> [INSTRUCTIONS TO FOLLOW]
Those lines of the records that contain "Bait" are to be located and copied.

=== Section Start ===

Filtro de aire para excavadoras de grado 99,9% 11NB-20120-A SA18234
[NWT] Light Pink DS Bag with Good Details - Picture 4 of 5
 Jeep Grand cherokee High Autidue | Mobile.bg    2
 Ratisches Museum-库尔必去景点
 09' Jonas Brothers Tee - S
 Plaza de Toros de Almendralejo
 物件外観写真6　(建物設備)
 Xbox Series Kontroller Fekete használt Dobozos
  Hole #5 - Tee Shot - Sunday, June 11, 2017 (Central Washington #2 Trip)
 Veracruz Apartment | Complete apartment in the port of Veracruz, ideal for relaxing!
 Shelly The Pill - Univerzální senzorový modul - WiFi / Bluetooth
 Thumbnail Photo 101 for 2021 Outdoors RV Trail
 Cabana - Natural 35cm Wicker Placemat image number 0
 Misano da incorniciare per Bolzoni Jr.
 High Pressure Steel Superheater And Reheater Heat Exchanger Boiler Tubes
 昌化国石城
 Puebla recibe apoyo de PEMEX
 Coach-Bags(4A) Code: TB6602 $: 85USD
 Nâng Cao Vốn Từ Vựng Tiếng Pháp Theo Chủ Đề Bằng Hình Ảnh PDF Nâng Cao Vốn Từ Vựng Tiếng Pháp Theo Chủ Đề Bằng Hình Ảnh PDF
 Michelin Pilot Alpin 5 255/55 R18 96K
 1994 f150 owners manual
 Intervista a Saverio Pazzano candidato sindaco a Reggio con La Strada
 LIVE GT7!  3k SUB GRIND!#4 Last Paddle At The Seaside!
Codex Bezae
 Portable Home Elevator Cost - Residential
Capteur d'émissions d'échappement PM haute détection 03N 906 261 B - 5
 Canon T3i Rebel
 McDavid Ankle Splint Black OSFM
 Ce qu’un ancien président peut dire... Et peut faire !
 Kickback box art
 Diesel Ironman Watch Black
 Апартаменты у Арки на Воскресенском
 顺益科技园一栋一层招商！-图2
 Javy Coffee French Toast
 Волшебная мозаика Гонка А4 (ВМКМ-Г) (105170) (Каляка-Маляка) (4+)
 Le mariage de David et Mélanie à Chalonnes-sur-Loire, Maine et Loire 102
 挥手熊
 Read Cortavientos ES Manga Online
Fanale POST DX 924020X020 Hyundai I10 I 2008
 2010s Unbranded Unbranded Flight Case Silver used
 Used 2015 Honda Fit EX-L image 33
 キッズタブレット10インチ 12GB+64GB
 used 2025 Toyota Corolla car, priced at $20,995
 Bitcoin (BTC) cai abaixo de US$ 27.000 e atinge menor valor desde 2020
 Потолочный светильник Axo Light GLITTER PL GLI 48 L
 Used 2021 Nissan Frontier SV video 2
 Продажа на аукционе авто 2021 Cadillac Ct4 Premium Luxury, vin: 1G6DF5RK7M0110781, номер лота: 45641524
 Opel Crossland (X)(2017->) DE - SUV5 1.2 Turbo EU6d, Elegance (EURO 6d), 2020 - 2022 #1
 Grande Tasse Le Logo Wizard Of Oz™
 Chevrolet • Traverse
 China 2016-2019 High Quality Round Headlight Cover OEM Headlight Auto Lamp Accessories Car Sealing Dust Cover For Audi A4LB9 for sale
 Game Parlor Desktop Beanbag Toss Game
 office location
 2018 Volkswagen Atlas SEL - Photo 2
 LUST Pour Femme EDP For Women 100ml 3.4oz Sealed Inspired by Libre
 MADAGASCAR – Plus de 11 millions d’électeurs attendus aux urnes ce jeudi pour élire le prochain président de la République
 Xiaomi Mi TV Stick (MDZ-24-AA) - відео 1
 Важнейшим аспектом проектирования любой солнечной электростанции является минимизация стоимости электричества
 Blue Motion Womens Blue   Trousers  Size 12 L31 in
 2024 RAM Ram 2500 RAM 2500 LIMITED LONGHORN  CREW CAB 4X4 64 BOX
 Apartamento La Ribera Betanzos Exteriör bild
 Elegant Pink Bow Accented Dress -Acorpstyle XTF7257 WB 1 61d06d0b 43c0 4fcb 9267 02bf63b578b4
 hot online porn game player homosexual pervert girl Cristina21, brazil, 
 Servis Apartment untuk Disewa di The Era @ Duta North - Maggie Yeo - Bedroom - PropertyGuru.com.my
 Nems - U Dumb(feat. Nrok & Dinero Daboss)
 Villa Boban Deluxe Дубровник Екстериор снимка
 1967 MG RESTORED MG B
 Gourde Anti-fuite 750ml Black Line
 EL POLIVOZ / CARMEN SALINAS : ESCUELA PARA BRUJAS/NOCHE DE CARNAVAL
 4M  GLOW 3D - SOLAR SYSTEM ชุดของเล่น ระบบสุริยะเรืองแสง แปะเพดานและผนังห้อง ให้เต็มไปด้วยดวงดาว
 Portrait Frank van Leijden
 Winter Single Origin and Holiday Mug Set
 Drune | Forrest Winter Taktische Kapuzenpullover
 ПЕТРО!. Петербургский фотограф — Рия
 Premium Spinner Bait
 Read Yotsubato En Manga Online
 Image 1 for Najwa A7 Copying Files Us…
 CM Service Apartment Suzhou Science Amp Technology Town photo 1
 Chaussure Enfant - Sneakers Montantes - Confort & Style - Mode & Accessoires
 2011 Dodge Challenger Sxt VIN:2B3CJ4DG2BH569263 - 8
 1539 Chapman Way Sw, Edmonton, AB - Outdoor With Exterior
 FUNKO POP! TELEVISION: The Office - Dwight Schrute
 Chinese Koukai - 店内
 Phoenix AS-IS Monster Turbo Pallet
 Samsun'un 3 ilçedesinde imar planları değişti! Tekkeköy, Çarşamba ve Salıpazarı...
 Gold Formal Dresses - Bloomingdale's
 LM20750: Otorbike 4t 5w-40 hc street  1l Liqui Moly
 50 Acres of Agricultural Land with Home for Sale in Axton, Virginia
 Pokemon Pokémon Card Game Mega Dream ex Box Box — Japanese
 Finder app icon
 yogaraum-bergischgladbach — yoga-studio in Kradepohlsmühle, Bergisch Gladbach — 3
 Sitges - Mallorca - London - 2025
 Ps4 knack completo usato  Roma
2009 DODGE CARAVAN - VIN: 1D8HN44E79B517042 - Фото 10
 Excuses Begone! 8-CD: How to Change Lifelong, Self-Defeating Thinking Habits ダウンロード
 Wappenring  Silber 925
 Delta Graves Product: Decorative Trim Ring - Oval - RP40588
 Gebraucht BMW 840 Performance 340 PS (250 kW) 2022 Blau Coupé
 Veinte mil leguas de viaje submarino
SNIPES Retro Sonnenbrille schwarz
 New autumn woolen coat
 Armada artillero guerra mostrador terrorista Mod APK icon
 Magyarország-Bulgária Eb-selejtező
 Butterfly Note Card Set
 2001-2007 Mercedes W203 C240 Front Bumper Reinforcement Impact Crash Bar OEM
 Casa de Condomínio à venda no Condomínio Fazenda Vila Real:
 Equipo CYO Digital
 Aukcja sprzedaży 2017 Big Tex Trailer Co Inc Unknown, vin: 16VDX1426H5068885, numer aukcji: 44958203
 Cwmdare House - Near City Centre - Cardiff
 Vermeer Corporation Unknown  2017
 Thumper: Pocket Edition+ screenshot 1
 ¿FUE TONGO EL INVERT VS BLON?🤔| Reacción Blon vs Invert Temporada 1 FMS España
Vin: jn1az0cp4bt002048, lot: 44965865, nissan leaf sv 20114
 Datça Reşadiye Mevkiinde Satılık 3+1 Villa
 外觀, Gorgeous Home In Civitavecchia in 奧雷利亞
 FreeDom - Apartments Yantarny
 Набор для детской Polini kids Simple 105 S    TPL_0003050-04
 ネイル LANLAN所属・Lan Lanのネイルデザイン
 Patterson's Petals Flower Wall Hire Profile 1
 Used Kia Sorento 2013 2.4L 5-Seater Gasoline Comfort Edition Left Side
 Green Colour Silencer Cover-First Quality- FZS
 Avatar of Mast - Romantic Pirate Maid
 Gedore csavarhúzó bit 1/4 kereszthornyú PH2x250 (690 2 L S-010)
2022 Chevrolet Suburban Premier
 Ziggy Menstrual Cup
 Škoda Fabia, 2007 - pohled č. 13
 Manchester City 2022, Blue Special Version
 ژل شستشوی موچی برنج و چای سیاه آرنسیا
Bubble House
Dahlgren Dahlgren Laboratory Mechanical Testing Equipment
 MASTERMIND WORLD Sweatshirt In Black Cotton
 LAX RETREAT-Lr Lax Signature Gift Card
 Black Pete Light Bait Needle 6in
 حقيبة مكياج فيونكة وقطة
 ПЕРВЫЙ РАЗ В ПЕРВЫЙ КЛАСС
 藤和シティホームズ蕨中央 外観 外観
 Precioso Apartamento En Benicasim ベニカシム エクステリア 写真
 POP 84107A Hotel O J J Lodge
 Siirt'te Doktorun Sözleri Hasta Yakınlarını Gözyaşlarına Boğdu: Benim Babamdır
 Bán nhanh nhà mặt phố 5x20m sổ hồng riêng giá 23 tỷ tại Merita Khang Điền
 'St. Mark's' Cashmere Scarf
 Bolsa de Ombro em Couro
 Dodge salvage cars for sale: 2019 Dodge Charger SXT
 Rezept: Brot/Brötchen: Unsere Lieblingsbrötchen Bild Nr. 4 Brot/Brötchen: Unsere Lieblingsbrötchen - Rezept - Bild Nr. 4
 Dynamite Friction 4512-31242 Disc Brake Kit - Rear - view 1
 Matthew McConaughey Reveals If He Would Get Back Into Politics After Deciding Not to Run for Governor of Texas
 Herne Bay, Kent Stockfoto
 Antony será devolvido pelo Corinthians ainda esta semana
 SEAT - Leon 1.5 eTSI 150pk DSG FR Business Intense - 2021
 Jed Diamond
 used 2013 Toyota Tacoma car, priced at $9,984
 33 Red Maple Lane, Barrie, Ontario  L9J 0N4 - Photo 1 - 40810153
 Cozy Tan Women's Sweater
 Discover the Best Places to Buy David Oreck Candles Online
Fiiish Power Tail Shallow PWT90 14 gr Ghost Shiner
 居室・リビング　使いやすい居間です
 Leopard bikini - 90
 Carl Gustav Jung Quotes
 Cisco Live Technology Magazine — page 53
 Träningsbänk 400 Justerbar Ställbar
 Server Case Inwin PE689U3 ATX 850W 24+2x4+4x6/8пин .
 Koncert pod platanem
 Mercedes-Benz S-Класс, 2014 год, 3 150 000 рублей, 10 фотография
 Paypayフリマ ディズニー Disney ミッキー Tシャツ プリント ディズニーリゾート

=== Section End ===

> [EXERCISE ANSWER]
 Premium Spinner Bait
 Black Pete Light Bait Needle 6in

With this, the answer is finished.